From: Hongtao Liu <crazylht@gmail.com>
To: "Richard Biener" <richard.guenther@gmail.com>,
"Martin Liška" <mliska@suse.cz>
Cc: gcc-patches@gcc.gnu.org, hongtao.liu@intel.com,
"Cui,Lili" <lili.cui@intel.com>
Subject: Re: [PATCH] ix86: Suggest unroll factor for loop vectorization
Date: Tue, 25 Oct 2022 13:49:27 +0800 [thread overview]
Message-ID: <CAMZc-bxuN27fbPRFU9X253ZUJ_Km4POb6q-583XgSixcD7LNZA@mail.gmail.com> (raw)
In-Reply-To: <20221024024604.18324-1-lili.cui@intel.com>
Any comments?
On Mon, Oct 24, 2022 at 10:46 AM Cui,Lili via Gcc-patches
<gcc-patches@gcc.gnu.org> wrote:
>
> Hi Hongtao,
>
> This patch introduces function finish_cost and
> determine_suggested_unroll_factor for x86 backend, to make it be
> able to suggest the unroll factor for a given loop being vectorized.
> Referring to aarch64, RS6000 backends and basing on the analysis on
> SPEC2017 performance evaluation results.
>
> Successfully bootstrapped & regrtested on x86_64-pc-linux-gnu.
>
> OK for trunk?
>
>
>
> With this patch, SPEC2017 performance evaluation results on
> ICX/CLX/ADL/Znver3 are listed below:
>
> For single copy:
> - ICX: 549.fotonik3d_r +6.2%, the others are neutral
> - CLX: 549.fotonik3d_r +1.9%, the others are neutral
> - ADL: 549.fotonik3d_r +4.5%, the others are neutral
> - Znver3: 549.fotonik3d_r +4.8%, the others are neutral
>
> For multi-copy:
> - ADL: 549.fotonik3d_r +2.7%, the others are neutral
>
> gcc/ChangeLog:
>
> * config/i386/i386.cc (class ix86_vector_costs): Add new members
> m_nstmts, m_nloads m_nstores and determine_suggested_unroll_factor.

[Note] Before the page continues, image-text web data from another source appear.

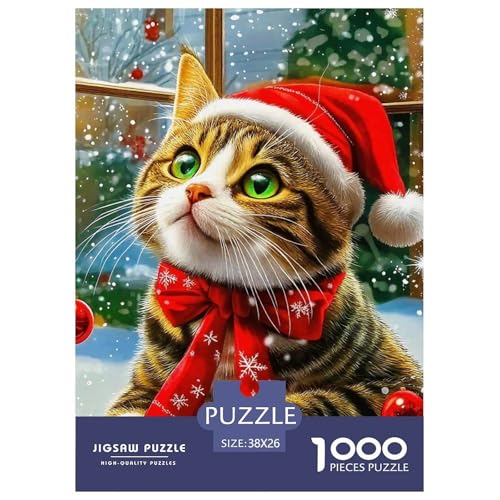 Cat Puzzle 1000 Teile Für Erwachsene Und Kinder Cute Pet Cat Impossible Geschicklichkeitsspiel Klassische Geschenk Wunderschönes Dekoration Clevere Rätsel 38x26cm/1000pcs Cat Puzzle 1000 Teile Für Erwachsene Und Kinder Cute Pet Cat Impossible Geschicklichkeitsspiel Klassische Geschenk Wunderschönes Dekoration Clevere Rätsel 38x26cm/1000pcs von QTIVARLEN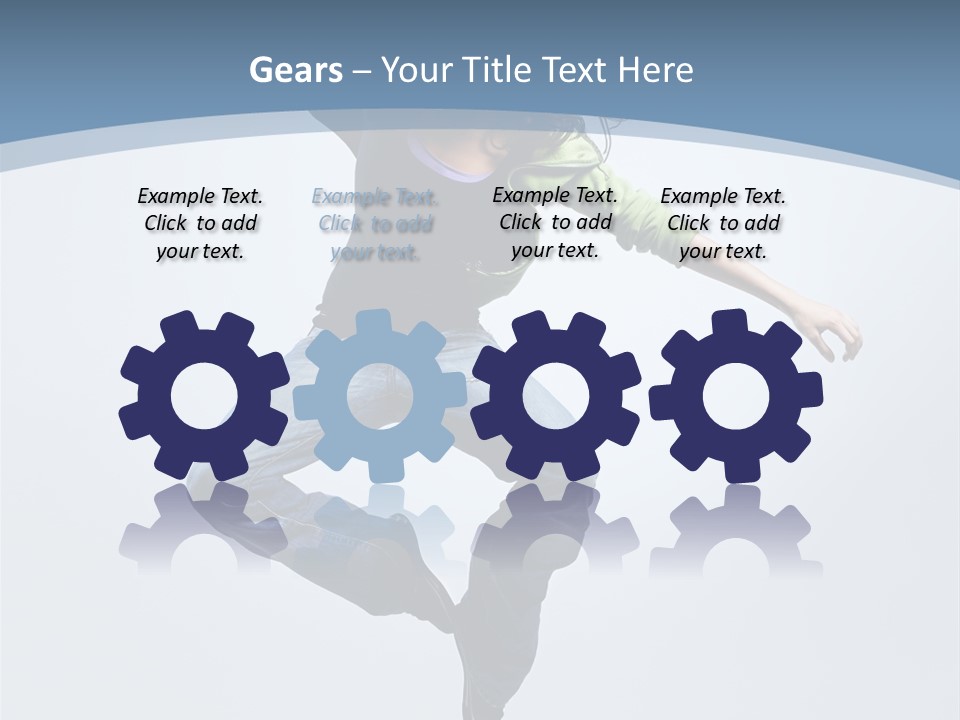 Sporty Aerobics Action PowerPoint Template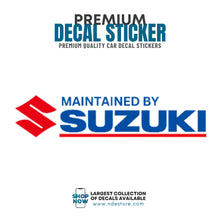 STICKER DECAL MAINTAINED BY SUZUKI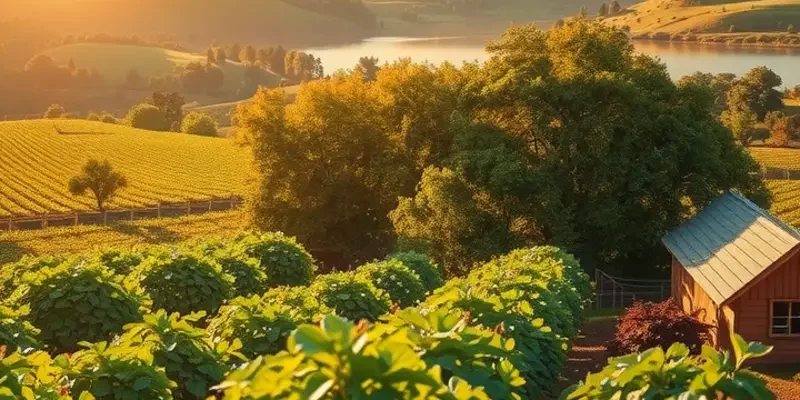 Photorealistic image of a sunlit field filled with vibrant vegetables symbolizing freshness and organic abundance.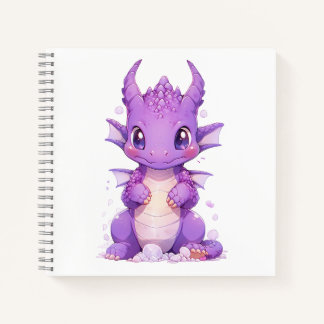 Lila Baby Dragon Notizbuch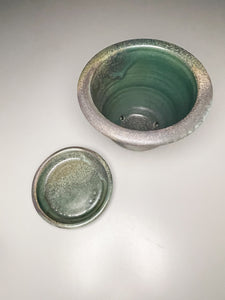 Planter Set #2 in Patina Green, 9.75"dia. (Ben Owen Pottery Collection)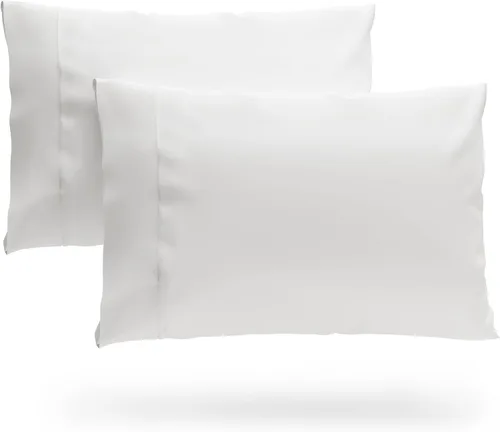 Vista 14 de Cosy House Collection Juego de fundas de almohada de bambú 100% rayón derivado Juego de fundas de almohada refrescantes, transpirables y sedosas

> (ix86_vector_costs::add_stmt_cost): Update for m_nstores, m_nloads
> and m_nstores.
> (ix86_vector_costs::determine_suggested_unroll_factor): New function.
> (ix86_vector_costs::finish_cost): Diito.
> * config/i386/i386.opt:(x86-vect-unroll-limit): New parameter.
> (x86-vect-unroll-min-ldst-threshold): Likewise.
> (x86-vect-unroll-max-loop-size): Likewise.
> * doc/invoke.texi: Document new parameter.
>
> gcc/testsuite/ChangeLog:
>
> * gcc.target/i386/cond_op_maxmin_b-1.c: Add -fno-unroll-loops.
> * gcc.target/i386/cond_op_maxmin_ub-1.c: Ditto.
> * gcc.target/i386/vect-alignment-peeling-1.c: Ditto.
> * gcc.target/i386/vect-alignment-peeling-2.c: Ditto.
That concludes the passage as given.